By Inti Landauro
MADRID (Reuters) – Spain’s conservative People’s Party (PP), which elbowed out the ruling Socialists during local elections on Sunday, must ally with far-right group Vox to rule in various regions ahead of an end-of-year national vote.
With voters fed up at squabbling within Prime Minister Pedro Sanchez’s government coalition, the opposition PP won outright in two of 12 regions where there were elections and could form a majority with Vox’s support in another six.
“Vox is here to stay and is here to be decisive in the construction of the alternative Spain needs,” its leader Santiago Abascal said in a speech early on Monday, adding he had not yet spoken to PP leader Alberto Nunez Feijoo.

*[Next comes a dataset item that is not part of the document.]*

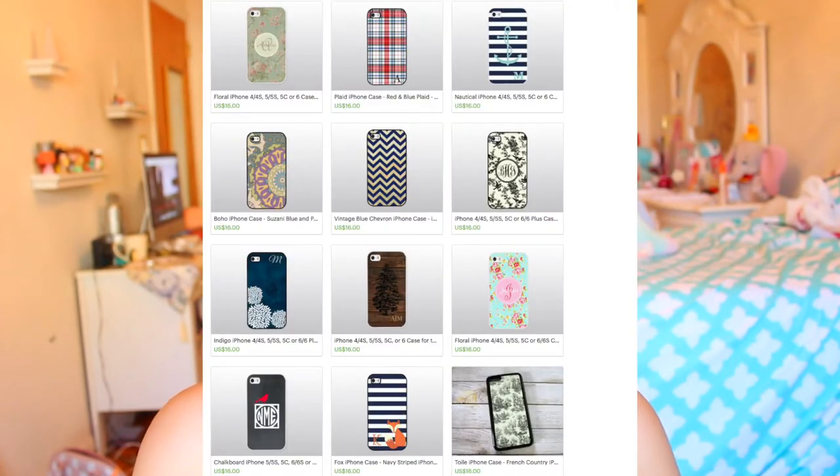I'm a super clumsy person, I tend to drop things a lot, and oftentimes when it comes to phones I tend to break them. So today I'm going to be talking about my favorite phone cases that are durable and still very cute. I purchased these from an Etsy shop called Golden Day Designs.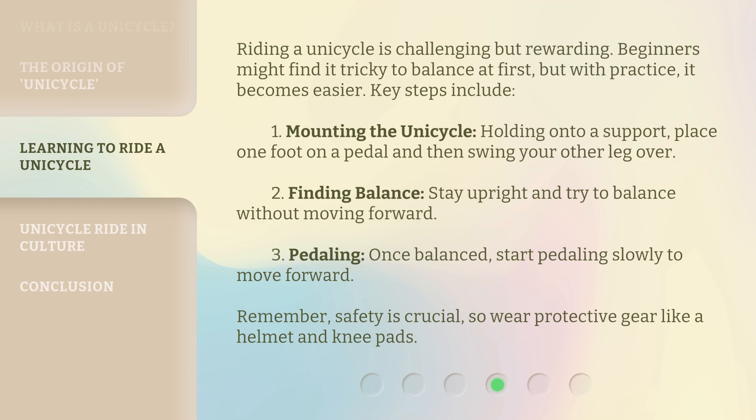Riding a unicycle is challenging but rewarding. Beginners might find it tricky to balance at first, but with practice, it becomes easier. Key steps include: 1. Mounting the unicycle — holding onto a support, place one foot on a pedal and then swing your other leg over. 2. Finding balance — stay upright and try to balance without moving forward. 3. Pedaling — once balanced, start pedaling slowly to move forward. Remember, safety is crucial, so wear protective gear like a helmet and knee pads.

The PP’s gains and Vox’s solid performance indicate the conservatives could unseat Sanchez and his Socialist Workers’ Party (PSOE) if they replicate the performance in a national parliamentary vote due by December.
The main setbacks for the Socialists came from losses in the Valencia, Aragon and Balearic Island regions, as well as in one of their most important fiefdoms, the southwestern region of Extremadura.
TWO-PARTY DOMINANCE
In the populous Madrid region, PP’s local leader Isabel Diaz Ayuso won a majority.
In big cities such as Valencia and Seville, where mayors were also elected, the count turned in favour of the PP, which also won an absolute majority in the city of Madrid.
Barcelona was an outlier among big cities, with a pro-independence party winning, though by such a narrow margin that it will need an agreement with the Socialists to unseat the current mayor, far-left Ada Colau.
Podemos, the Socialists’ far-left junior coalition partner, lost ground all over Spain, further weakening Sanchez’s position.
Sunday’s votes in 12 of Spain’s 17 regions showed a return to two-party dominance by the PSOE and PP after a decade of greater involvement by smaller parties such as the left-wing Podemos and centrist Ciudadanos.
The anti-immigrant and anti-separatist Vox was formed in 2013 and came third in the last national election.